This information is offered as a guide to you and your family providing information on this test. It will be fully explained by your doctor or nurse who will be happy to answer any questions.
What is a muscle biopsy?
A muscle biopsy is a test used to help diagnose diseases involving the muscle. A small sample of muscle is removed and viewed under the microscope. The muscle is usually taken from the mid thigh.
Muscle biopsies are done to check for any problems within the musculo-skeletal system. Various diseases can cause muscle weakness or pain. These conditions may be related to problems with the nervous system, connective tissue, vascular system or musculoskeletal system.
A muscle biopsy helps to diagnose a patient with muscle weakness, tenderness or an abnormal blood test so that treatment can be started.

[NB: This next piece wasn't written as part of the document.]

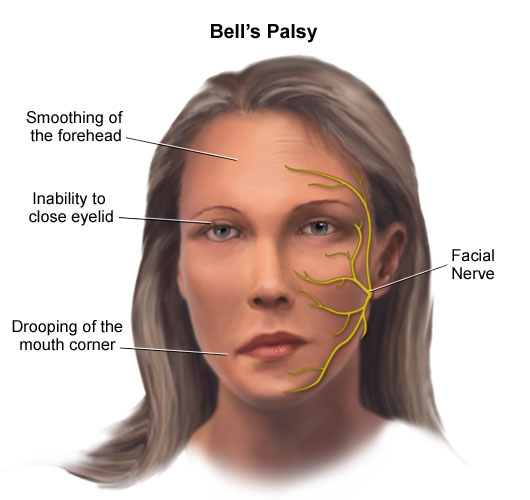 Bell´s Palsy
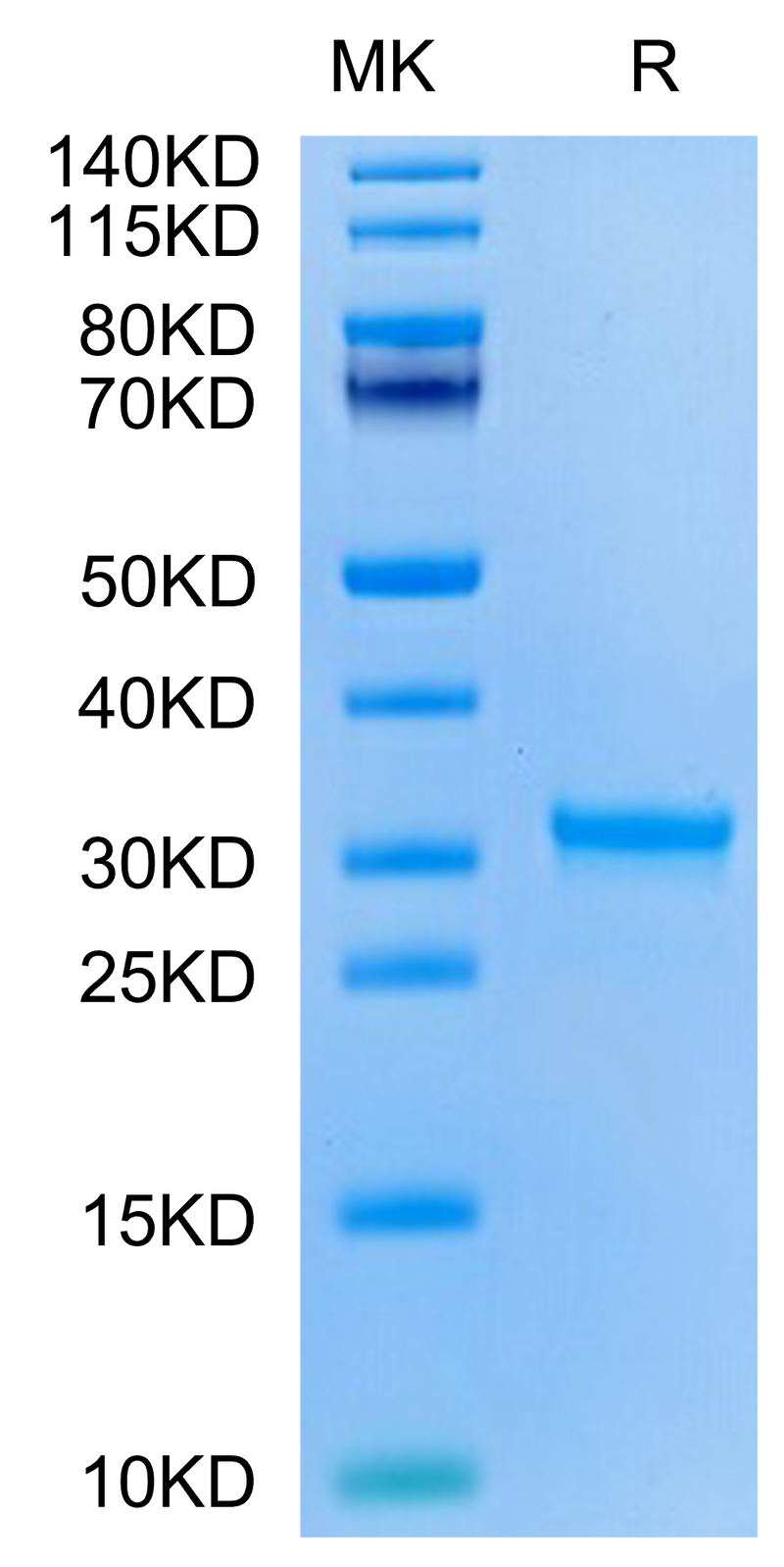 SARS-CoV-2 3CLpro (H172Y) on Tris-Bis PAGE under reduced condition. The purity is greater than 95%.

What are the risks and side effects?
As with any procedure complications can occur. Possible complications are:
- bruising and discomfort at biopsy site
- prolonged bleeding from biopsy site
- infection of biopsy site
- pain at the biopsy site
What to expect
- You will be asked for your consent before the procedure.
- Before the procedure the doctor will clean the skin with antiseptic and give you an injection of local anaesthetic into the area of the leg being biopsied. This is to numb the area so you feel no pain.
- You will feel some tugging and prodding. If you do feel pain then you should tell the doctor.
- A small incision of up to 2.5cms will be made so that the biopsy can be taken. A couple of stitches will be inserted after the biopsy.
- Following the procedure you will be asked to rest for up to one hour. The nurse will check to make sure there is no bleeding.
It is important to inform medical staff if you are taking any blood thinning drugs such as wafarin before the muscle biopsy.